Would you output the lines from the one containing "Top view of" through the final line of the entries, exactly and with pictures omitted?

Captioned web image data:

--*--

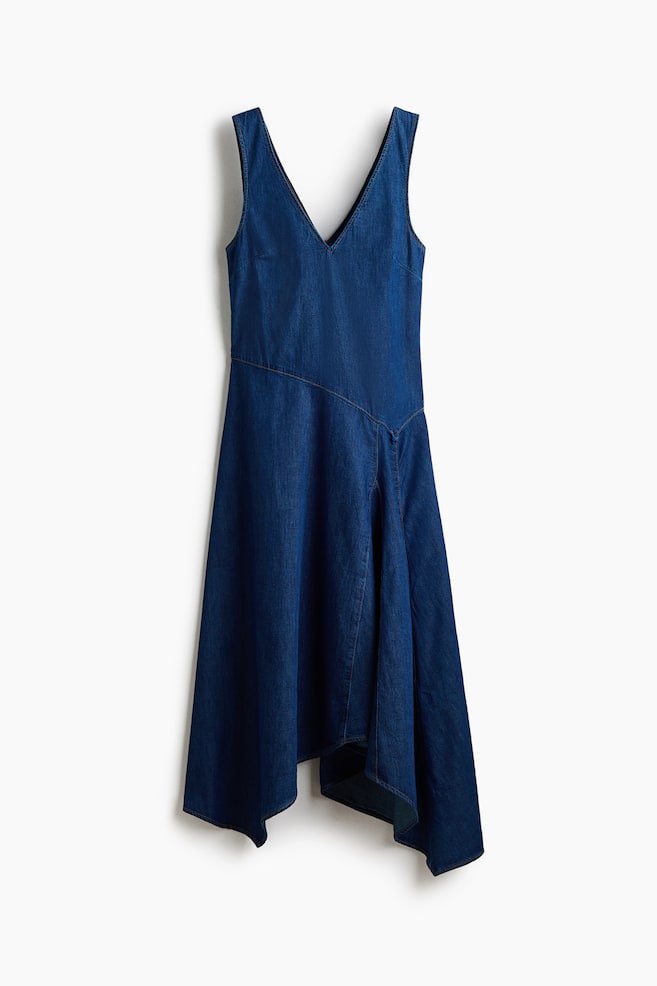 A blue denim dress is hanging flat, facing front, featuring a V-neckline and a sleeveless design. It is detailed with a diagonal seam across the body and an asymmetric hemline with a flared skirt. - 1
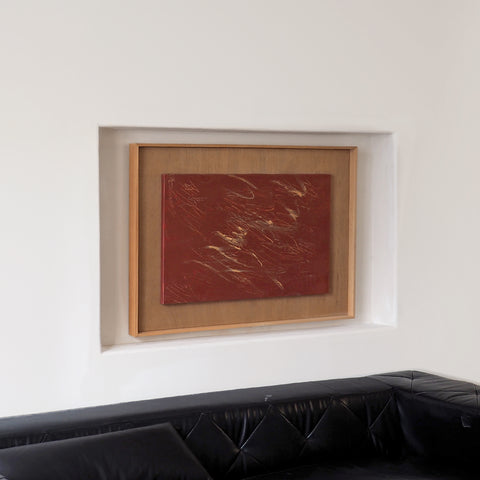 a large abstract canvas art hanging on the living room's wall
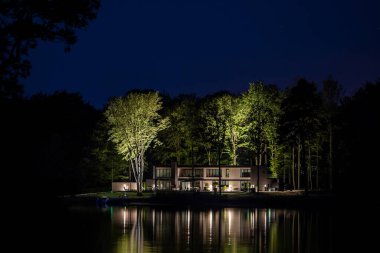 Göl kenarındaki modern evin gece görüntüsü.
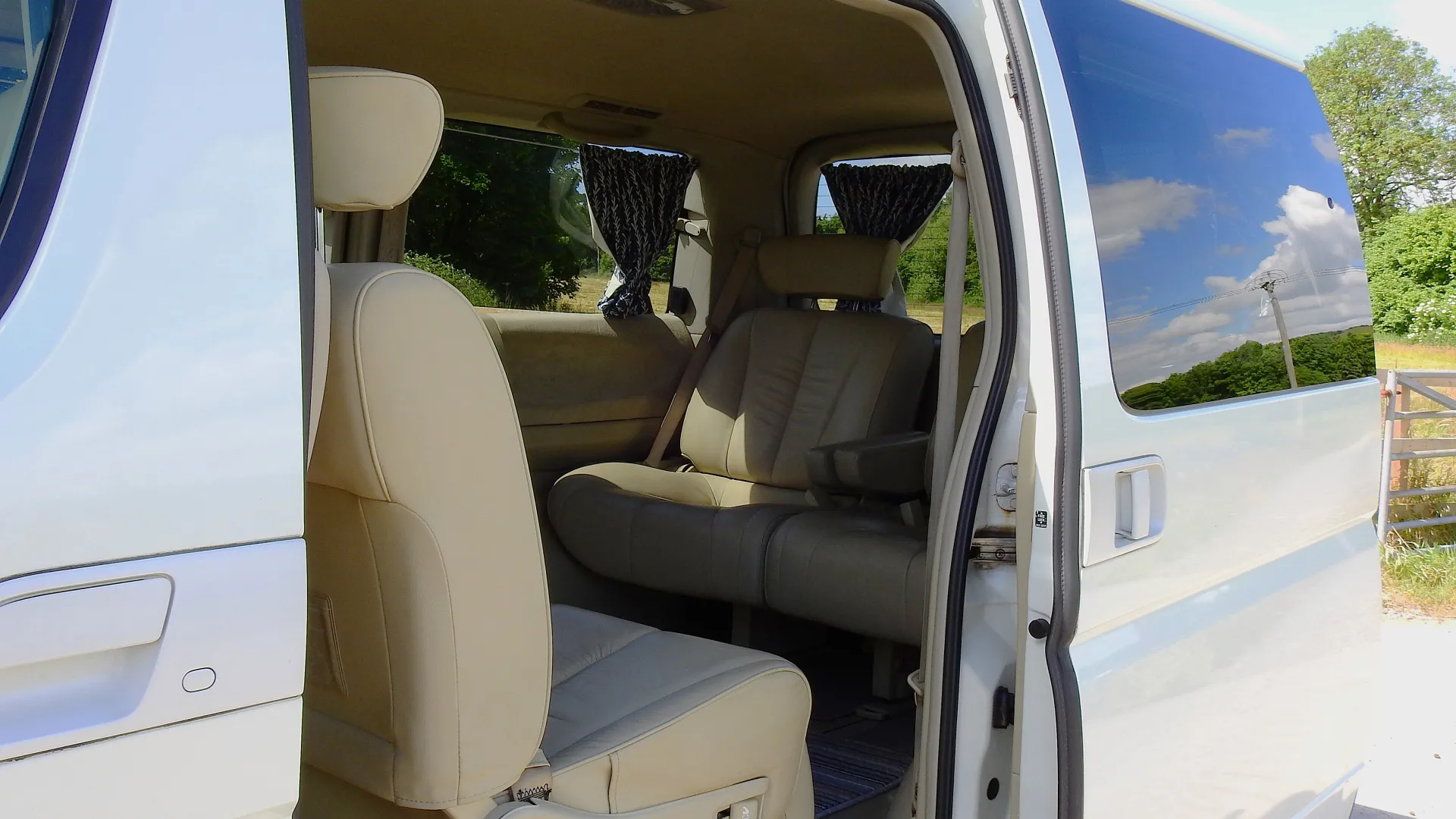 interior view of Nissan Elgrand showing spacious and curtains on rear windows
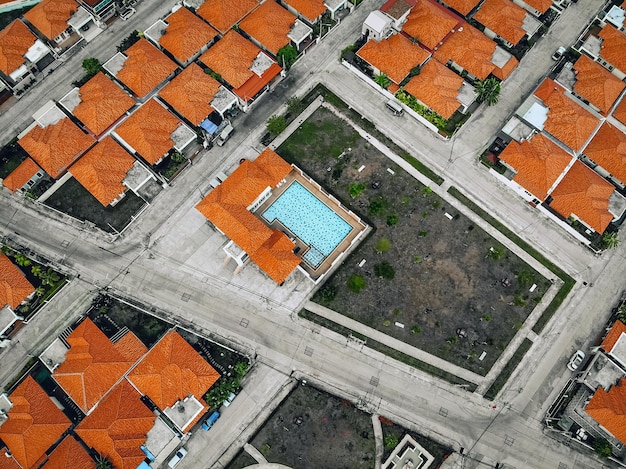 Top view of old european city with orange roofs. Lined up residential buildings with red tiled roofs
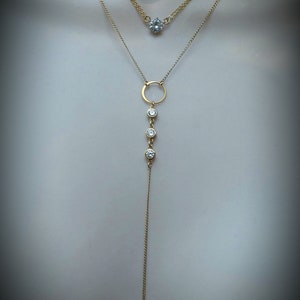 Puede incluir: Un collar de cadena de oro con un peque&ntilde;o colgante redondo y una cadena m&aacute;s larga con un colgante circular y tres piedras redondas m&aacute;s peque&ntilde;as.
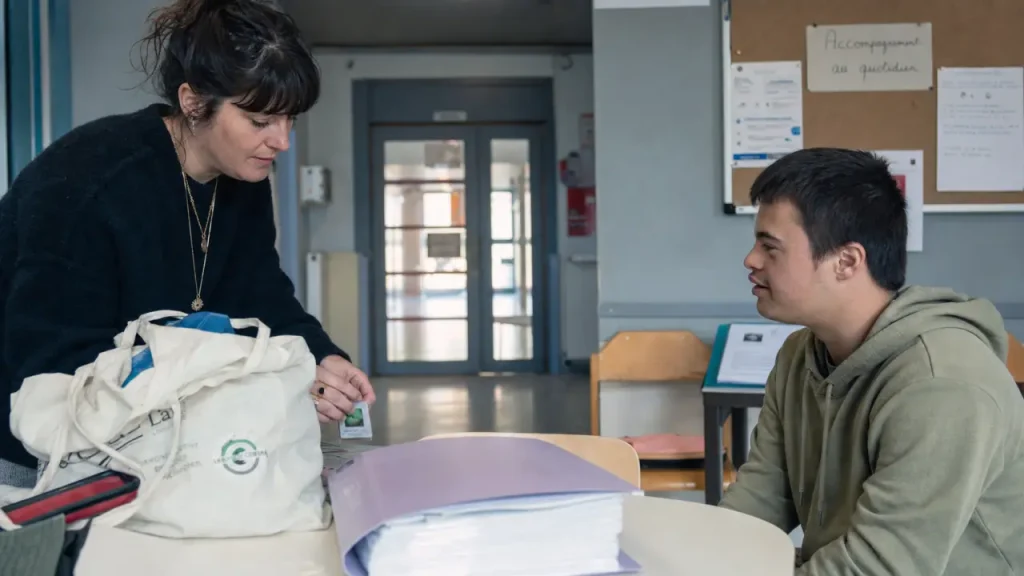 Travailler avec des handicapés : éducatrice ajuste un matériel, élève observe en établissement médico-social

--*--

## Result
 Top view of old european city with orange roofs. Lined up residential buildings with red tiled roofs
 Puede incluir: Un collar de cadena de oro con un peque&ntilde;o colgante redondo y una cadena m&aacute;s larga con un colgante circular y tres piedras redondas m&aacute;s peque&ntilde;as.
 Travailler avec des handicapés : éducatrice ajuste un matériel, élève observe en établissement médico-social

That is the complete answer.